Vortrag: Industrial Machine Learning

Building scalable distributed machine learning pipelines with Python

Iml

This talk will provide useful and practical understanding on how to build industry-ready machine learning frameworks in python through distributed, horizontally-scalable architectures. This talk will also go into detail on the motivations for such architectures, the technologies required, best practices, caveats and practical use-cases in industry.
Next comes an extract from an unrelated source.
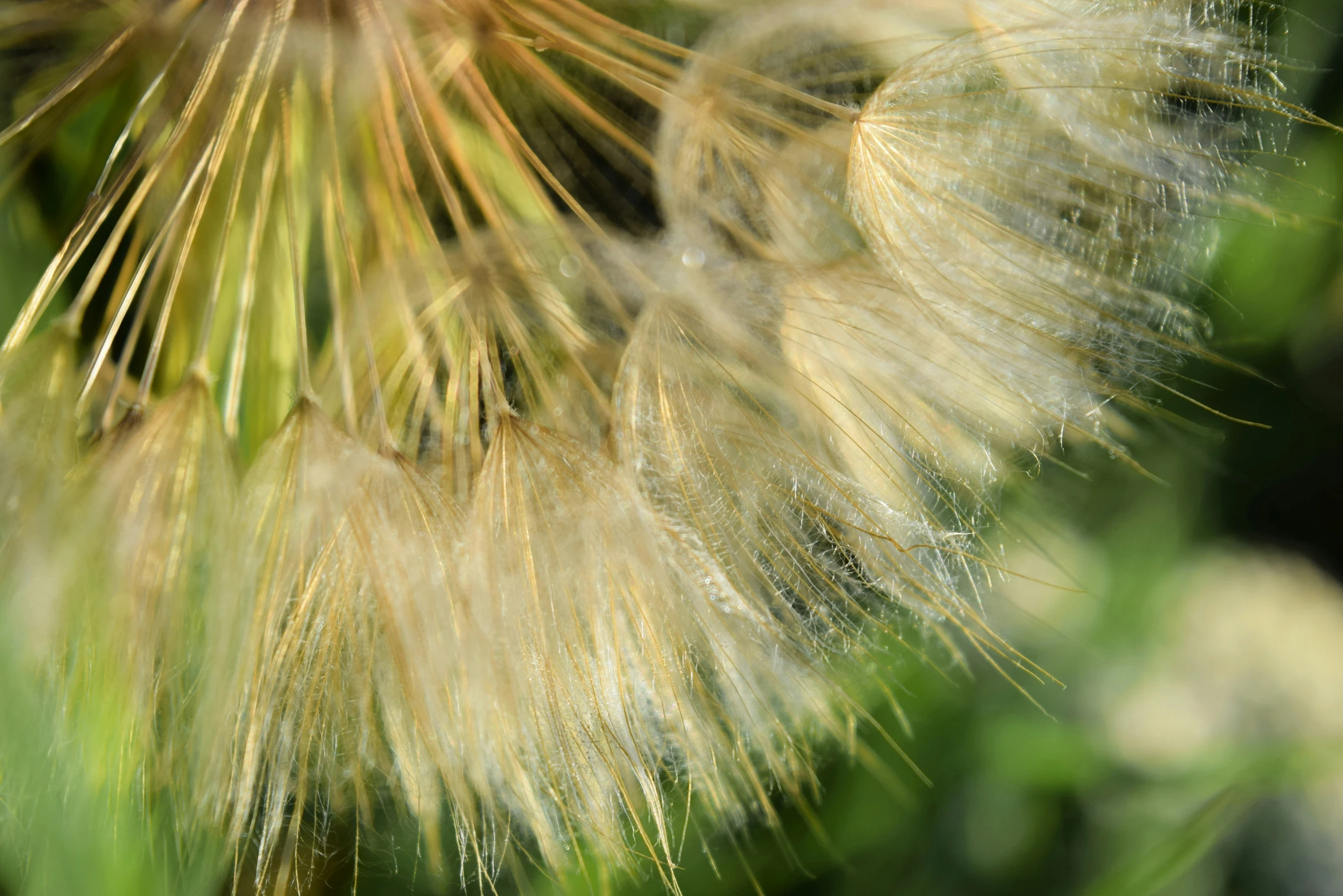 a close up picture of some type of plant with long, thin stems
# Industrial Machine Learning
This talk will provide useful and practical understanding on how to build industry-ready machine learning models in python through distributed, horizontally-scalable architectures. This talk will also go into detail on the motivations for such architectures, the technologies required, best practices, caveats and practical use-cases in industry. We will use a practical implementation of a distributed machine learning pipeline to process predictions of the most popular cryptocurrencies using celery (and rabbitmq) for the distributed processing, and Docker plus Kubernetes to manage the scalable infrastructure in AWS.

# Why
Industry-ready Machine Learning systems have to be bullet-proof. Some of the biggest challenges in Machine Learning involve the heavy RAM usage, varied machine learning model library, heavy computation, security, devops complexity, scalability, deployment and many many more. It is important to understand some of the key challenges that most large scale projects, startups and companies bump into when developing and expanding their Machine Learning capabilities, and what are some best practices, reliable frameworks and tips/tricks to address these.

# How
There are multiple ways to address the challenges that a fast-growing project, startup or company will face in their journey. Luckily there are several open source technologies to address these. Python of course comes with a massive library of machine learning toolboxes that allow us to benefit from the most brilliant minds contributing to top performing algorithms - scipy, sklearn, tensorflow, numpy, pandas are but a few key tools in your machine learning toolbox. For distributed computing, celery is certainly a great contender, which allows for easy creation of a manager server architecture with RabbitMQ. Docker allows us to containerise our applications to ensure they can be deployed in a consistent environment. Finally Kubernetes allows us to manage our DevOps infrastructure with quite a lot of the hard work managed automatically.

# Crypto
In this talk I will go into detail on an example using the price data of the top 100 most traded cryptocurrencies out there. After covering the theoretical reasoning behind the importance of the tools above, I will show a hands on deep dive building a surprisingly simple but impactful program that performs ML predictions of these cryptocurrencies with multiple models across a distributed architecture in multiple AWS nodes managed by Kubernetes.